I recently run an IRT model with 100 and 500 simulated data points. To my surprise, the effective sample sizes for key parameters were in fact larger in conditions with 100 simulated data points than those with 500 simulated data points. Does anyone know what may be the cause of this phenomenon? Is this something I should be concerned about?
You shouldn’t expect the two to be related. Effective sample size tells you approximately how many (uncorrelated) samples you’ve drawn from your posterior based on the (correlated) samples you did draw. Does that help?
Thank you very much @sakrejda That makes sense! But I was still wondering why large sample size comes with smaller effective sample size? Is it because larger sample size may require more iterations? For now, I just used 1000 iterations for both sample sizes.
I wouldn’t think there’s a monotonic relationship, and any relationship is probably model-specific. I think it’s a common misconception that a larger number of data points necessarily improves all aspects of inference – with more data you also have a more constrained problem, as well as increased computational demand. This may slow things down as a function of both time and iterations.
Finding out what is actually causing the “problem” is probably not trivial, but the bottom line is changing the data in any manner changes the likelihood in ways that may not be obvious.
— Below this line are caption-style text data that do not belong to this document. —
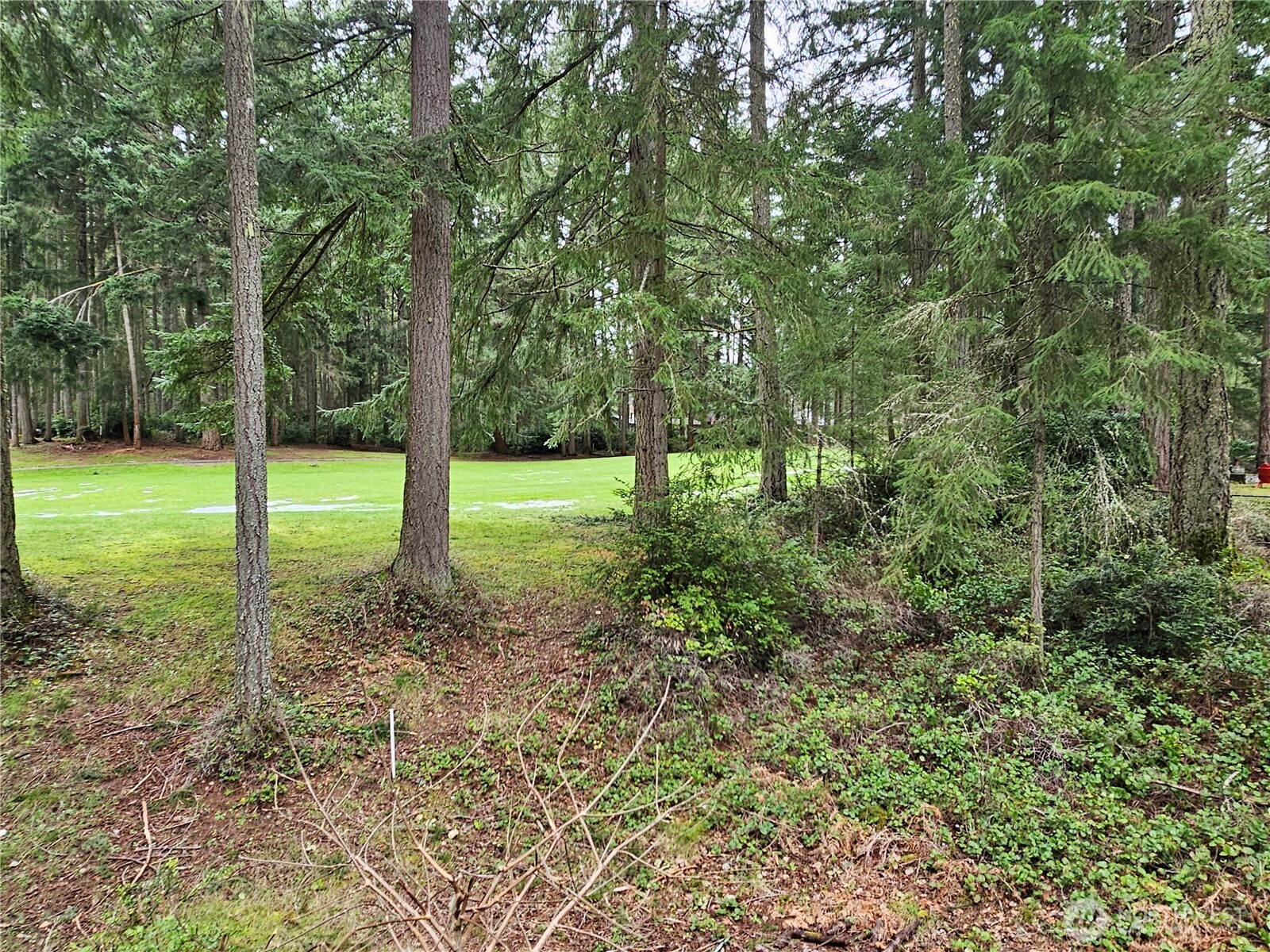 11005 Pioneer Drive , Anderson Island, WA 98303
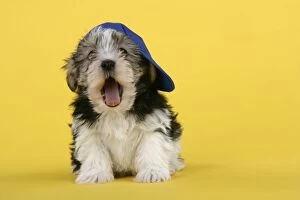 Images Dated 1st January 2008: Dog. Lhasa Apso cross puppy (7 weeks old) wearing blue cap and yawning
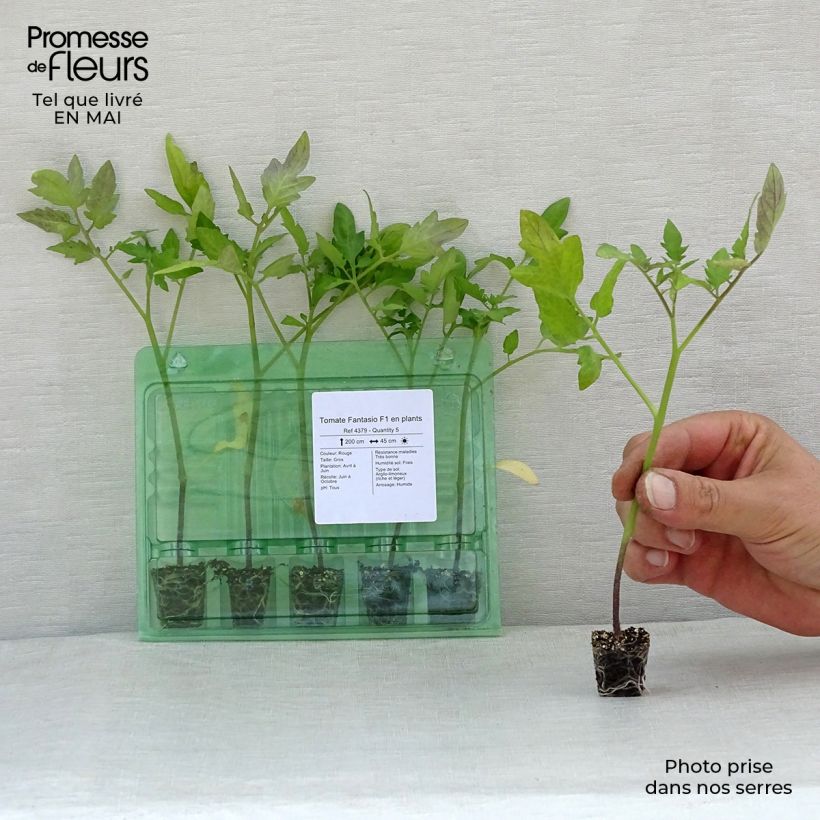Amostra de Tomate Fantasio F1 en plants Mini-motte Ø 1,5/2,5 cm tal como entregue na primavera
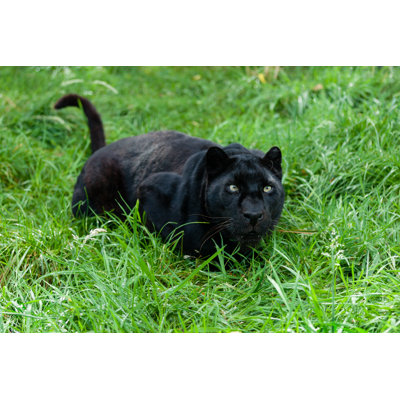 Black Leopard - Wrapped Canvas Print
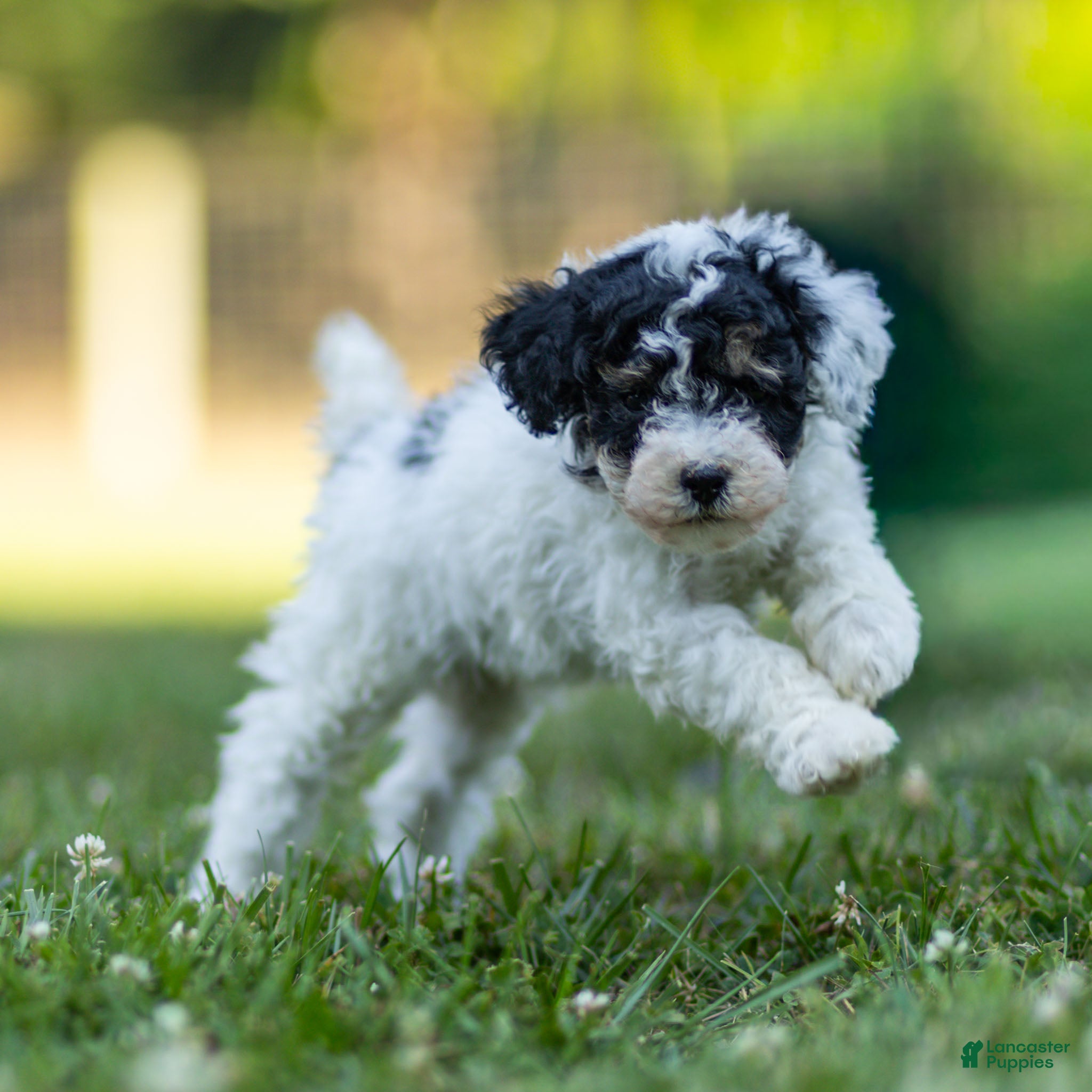 Miniature Poodle dogs Spike Miniature Poodle  - Ad 1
@caesoma Thank you for the clarification!
Rather than trying to answer this question directly you might want to look at the computation that actually goes into HMC because it’ll help you get an intuition for the kinds of things that make it harder for the algorithm to traverse the posterior (and therefore often lower ESS).
Thank you @sakrejda ! Could you please elaborate on what you mean by “look at the computation that actually goes into HMC”? I want to figure out why but not sure about where to start.
Well, for starters here’s a viz of the underlying simulation that happens within each iteration for some specific densities. It lets you vary the simulation stepsize and the number of steps (both are parameters that NUTS tunes). The likelihood (and it’s gradient) are calculated roughly once per step of the simulation.